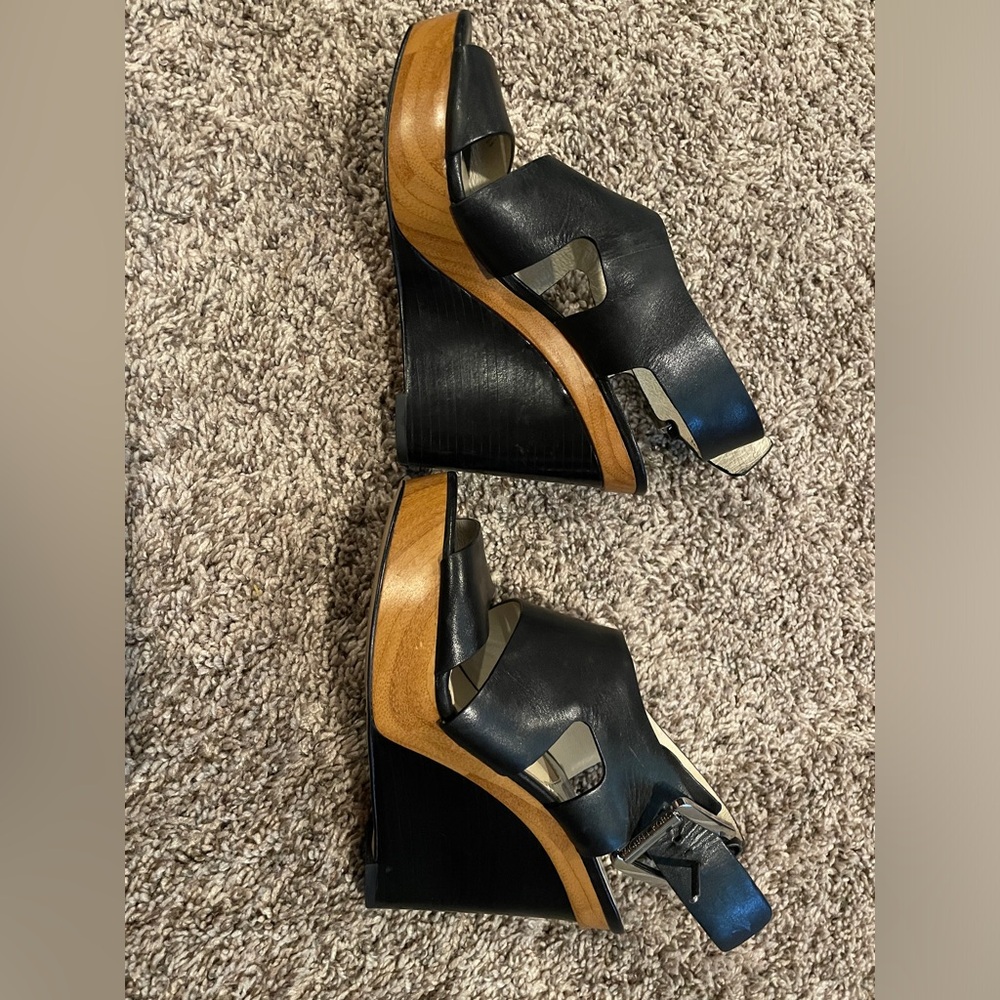 Michael Kors wedges - Picture 2 of 5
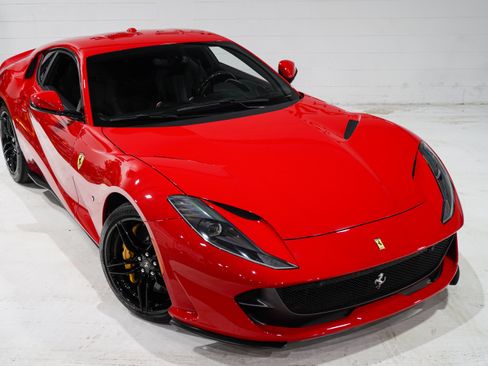 Used 2019 Ferrari 812 Superfast RWD image 31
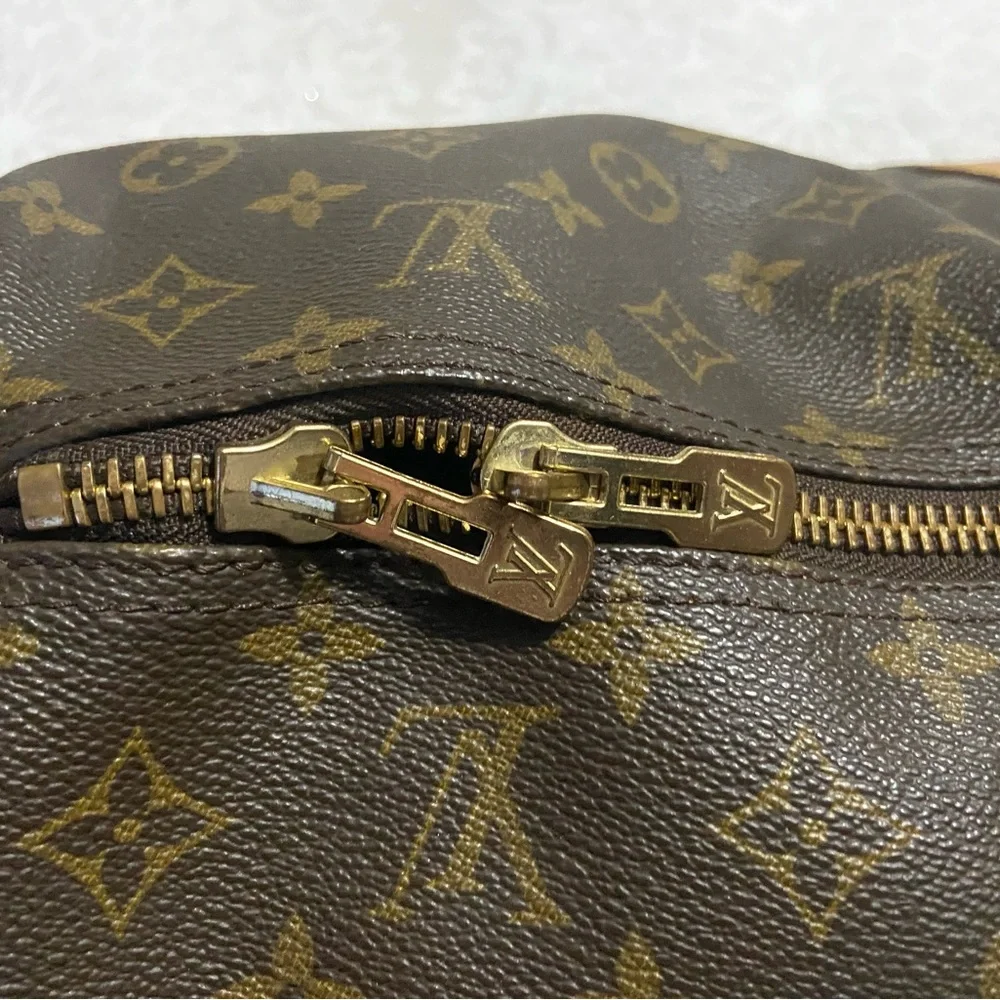 Authentic vintage Louis Vitton Monogram Keepall Bandolier 50 - Picture 9 of 11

- [Your objective] Leaving out only the pictures, return the material above unchanged.

- [Answer box]
 Michael Kors wedges - Picture 2 of 5
 Used 2019 Ferrari 812 Superfast RWD image 31
 Authentic vintage Louis Vitton Monogram Keepall Bandolier 50 - Picture 9 of 11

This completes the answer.